Work order:
Please set down each of the lines below once more, exactly, omitting all pictures.

### Input data

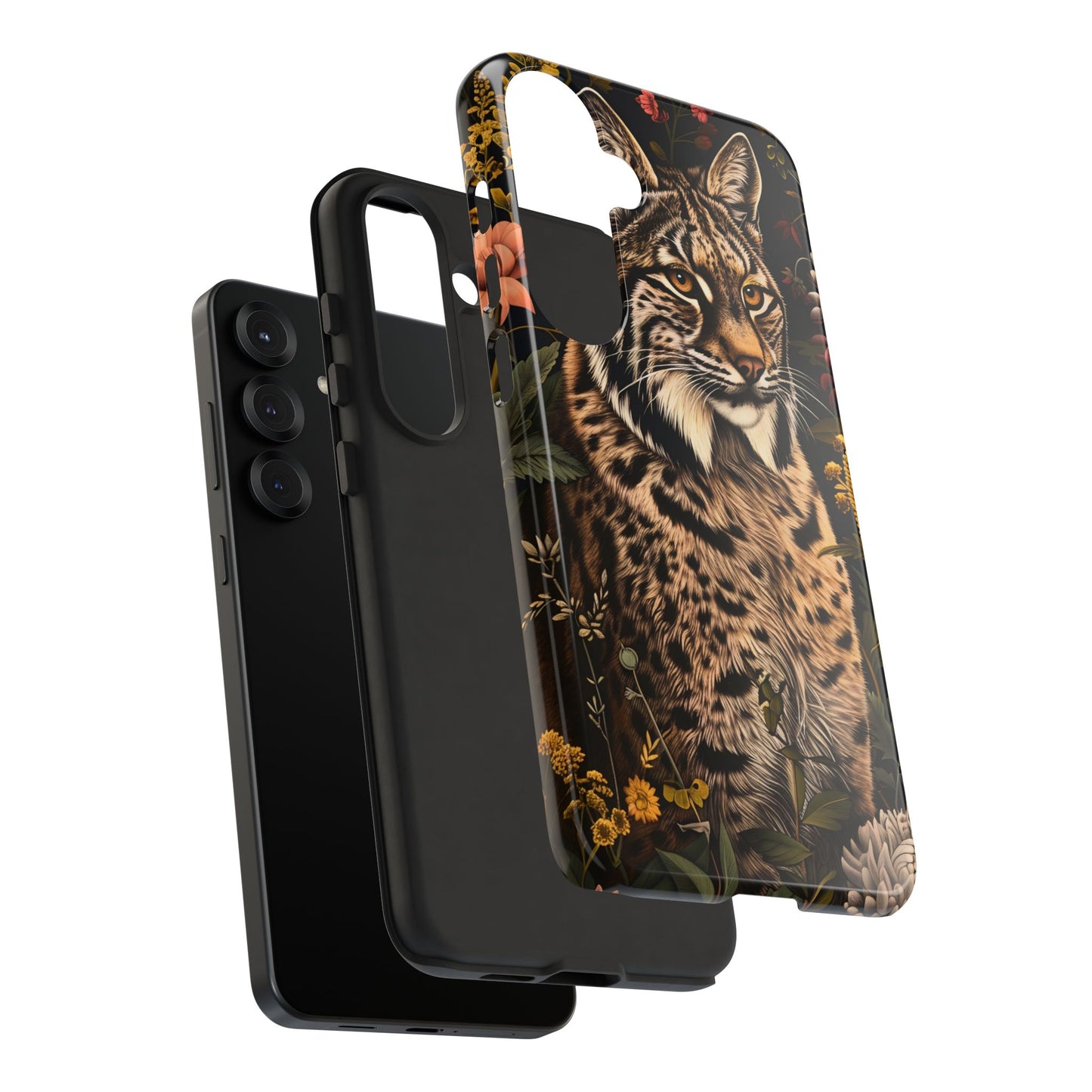Wildlife Phone Case with Lynx Design, Tough Cases, Animal Lovers Gift, Nature Inspired Accessories, Unique Tech Protection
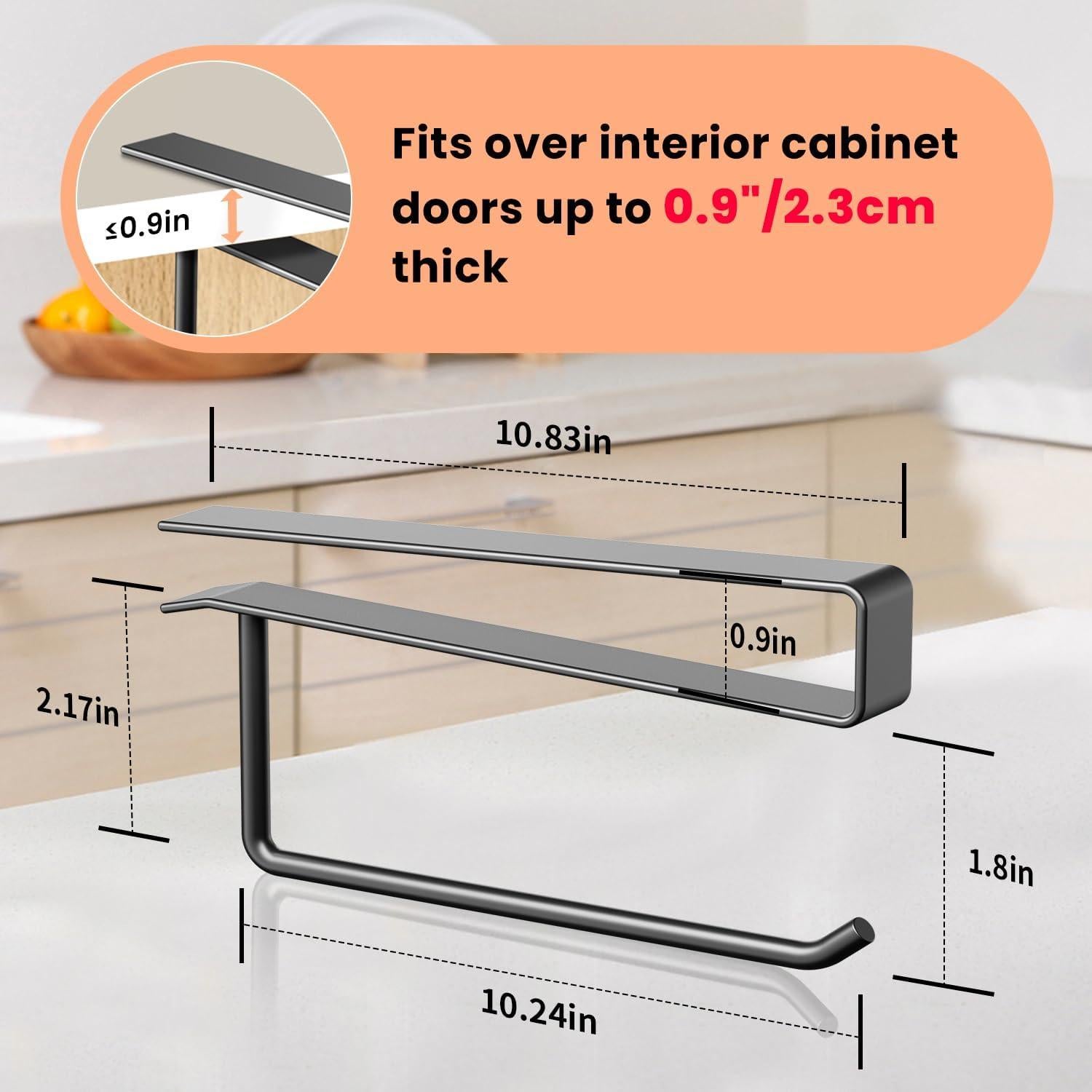 Organizador de Tapas de Vaso Grande Amawarm - Soporte Bajo Gabinete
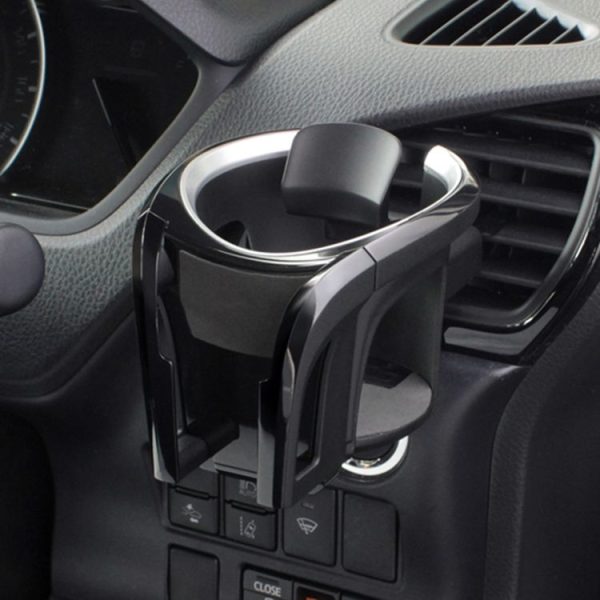 Car Air Outlet Water Cup Holder (Silver) - Image 4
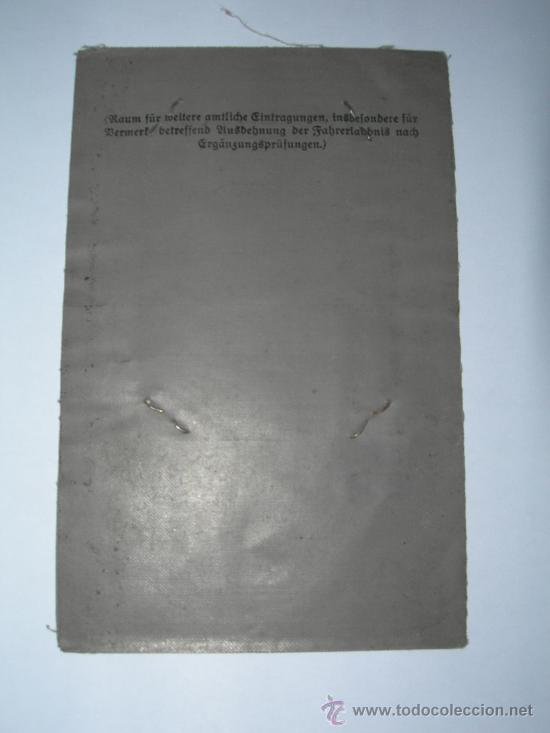 Militaria: FUHRERSCHEIN+BESCHEINIGUNG. - Foto 4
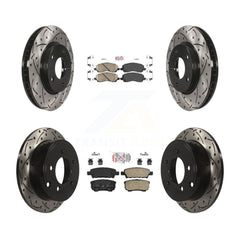 Transit Auto KDA-100659 Disc Brake Kit for 2007-2016 Mitsubishi Lancer, Dodge Caliber - Front and Rear product image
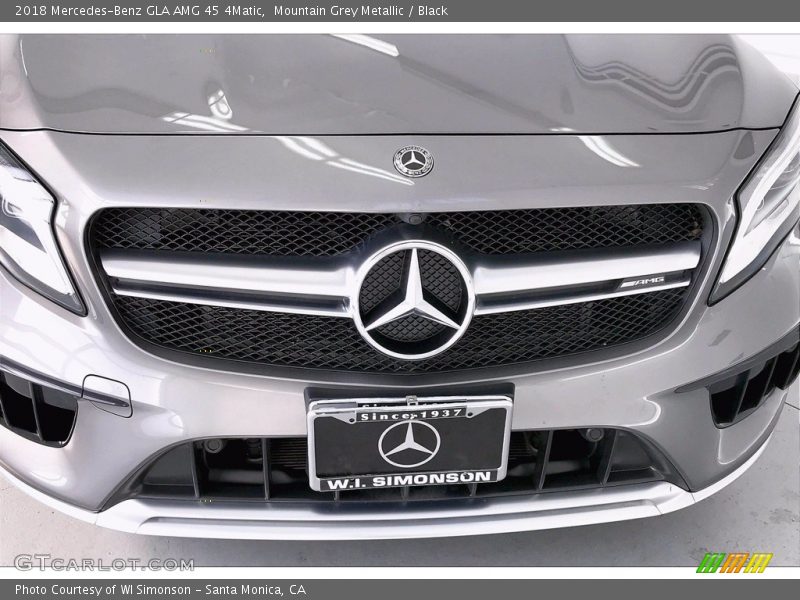 Mountain Grey Metallic / Black 2018 Mercedes-Benz GLA AMG 45 4Matic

######

Finished exercise:
Wildlife Phone Case with Lynx Design, Tough Cases, Animal Lovers Gift, Nature Inspired Accessories, Unique Tech Protection
 Organizador de Tapas de Vaso Grande Amawarm - Soporte Bajo Gabinete
 Car Air Outlet Water Cup Holder (Silver) - Image 4
 Militaria: FUHRERSCHEIN+BESCHEINIGUNG. - Foto 4
 Transit Auto KDA-100659 Disc Brake Kit for 2007-2016 Mitsubishi Lancer, Dodge Caliber - Front and Rear product image
 Mountain Grey Metallic / Black 2018 Mercedes-Benz GLA AMG 45 4Matic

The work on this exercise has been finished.